> **Assignment**: Copy every entry below exactly, and keep out the pictures.

Content starts

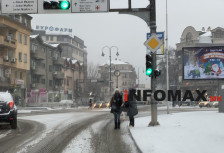 Маж пикнал тинејџер во гепек – го испрашувал кој му ја мавал колата со снег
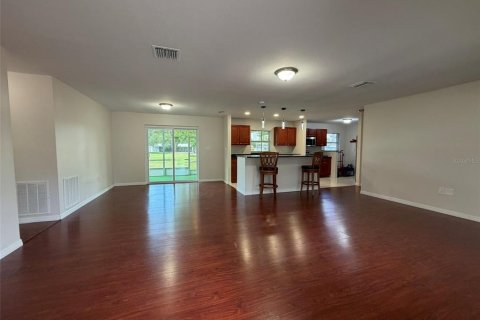 House in Punta Gorda, Florida 3 bedrooms, 124.77 sq.m. № 2229312 - photo 4
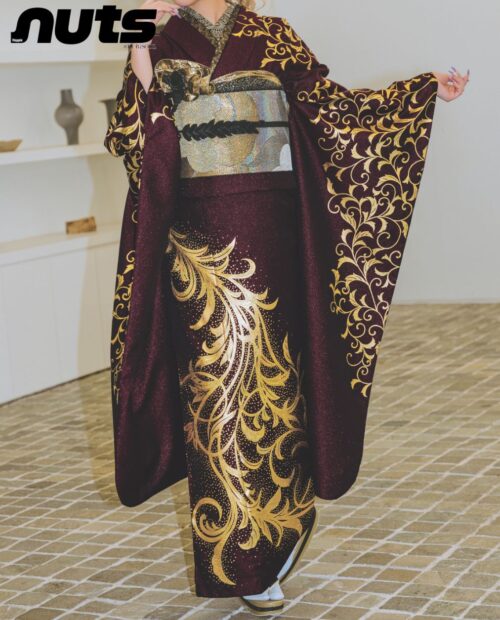 ゴージャス　エンジの牡丹に百合の金彩振袖フルセット nuts振袖 アンジェの赤×金キラキラ振袖でゴージャスに決める成人式｜ナッツ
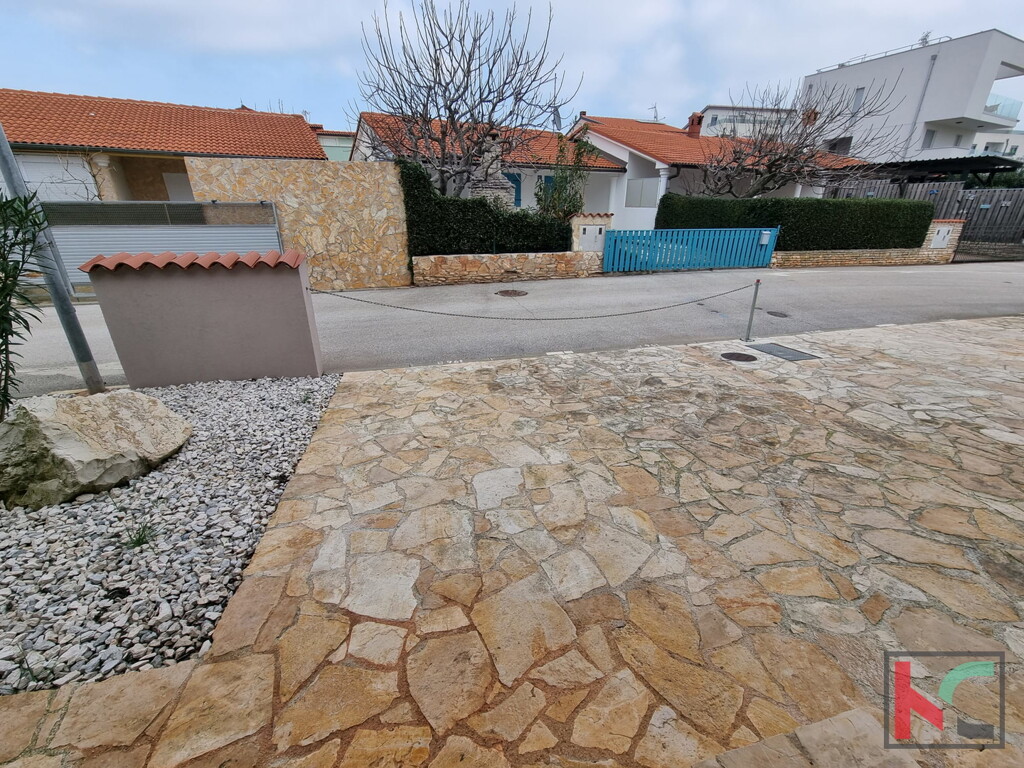 Image 6230777 - 7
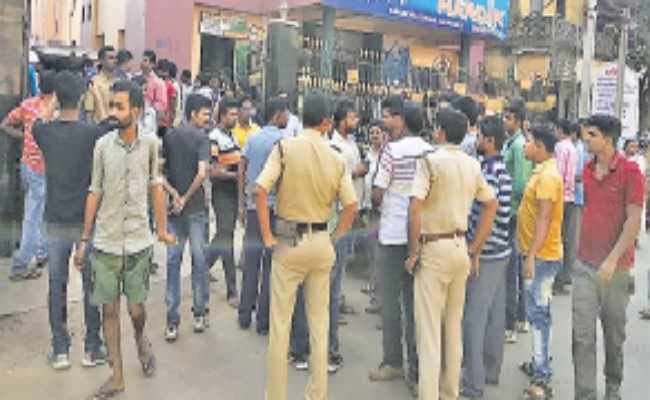 नर्सिंग होम में मरीज की मौत के बाद हंगामा, चिकित्सक पर लापरवाही का आरोप, नर्सिंग होम प्रबंधन के खिलाफ प्राथमिकी दर्ज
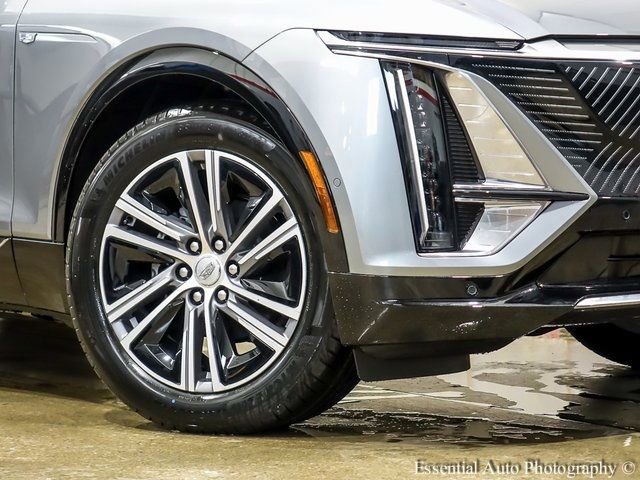 New 2025 Cadillac Lyriq Luxury w/ LPO, Floor Liner Package image 3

Content ends

> **Problem solution**:
 Маж пикнал тинејџер во гепек – го испрашувал кој му ја мавал колата со снег
 House in Punta Gorda, Florida 3 bedrooms, 124.77 sq.m. № 2229312 - photo 4
 ゴージャス　エンジの牡丹に百合の金彩振袖フルセット nuts振袖 アンジェの赤×金キラキラ振袖でゴージャスに決める成人式｜ナッツ
 Image 6230777 - 7
 नर्सिंग होम में मरीज की मौत के बाद हंगामा, चिकित्सक पर लापरवाही का आरोप, नर्सिंग होम प्रबंधन के खिलाफ प्राथमिकी दर्ज
 New 2025 Cadillac Lyriq Luxury w/ LPO, Floor Liner Package image 3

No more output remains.